Druid NYC Meetup @ Tumblr (w/ Datacouncil.ai & AI / ML Streaming Data Platforms)
This is a collaboration event with:
datacouncil.ai NYC Meetup Group &
AI / ML Streaming Data Platforms NYC
*** Presentations ***
Talk 1: Personalized Related Blog Recommendation with User Feedback
Speaker/Bio: Zhisheng Li, Principal Tech Lead. Zhisheng Li is currently the leading the "Recommendations team" which is responsible for near real-time recommendations, offline Recommendation systems of Tumblr.

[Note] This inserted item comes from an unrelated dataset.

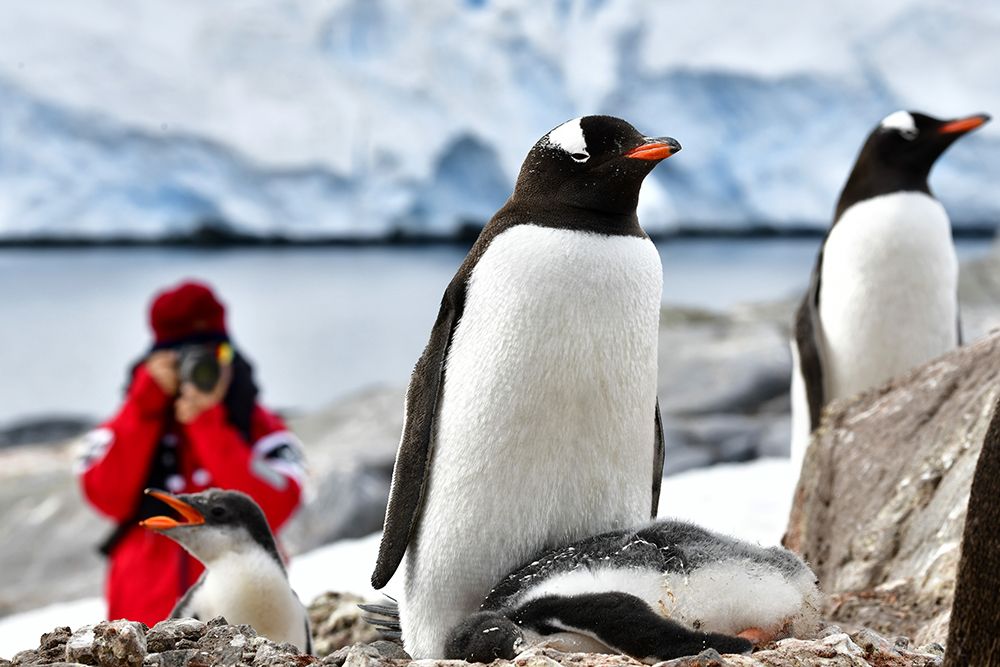 Antarctica photo tour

Tumblr, as a popular microblogging service platform, has hosted hundreds of millions of blogs nowadays. Similar to other social networking sites, one major behavior for Tumblr users is to follow interesting blogs, so they could directly browse the content from these followed blogs on their dashboards. Blog recommendation has been proven to be an effective way to help users follow blogs, which has contributed to 50% of our daily blog follows. Specifically, related blog recommendation is the best performer among all Tumblr recommendation techniques, which is to recommend the most relevant blogs immediately when a user follows a specific blog. However, the old related blog recommendation system was not personalized and couldn't provide the best user experience. In this work, we propose innovative approaches to leverage user feedback to adjust the rankings of related blogs, so as to improve the relevancy and freshness of related blogs for each particular user. The A/B test results show that such personalized related blog recommendation approach increased the related blog daily follow count and follow rate significantly. We launched the personalized related blog recommendation system into production. Up to date, it brings 2 million daily blog follows at a 17% blog follow rate.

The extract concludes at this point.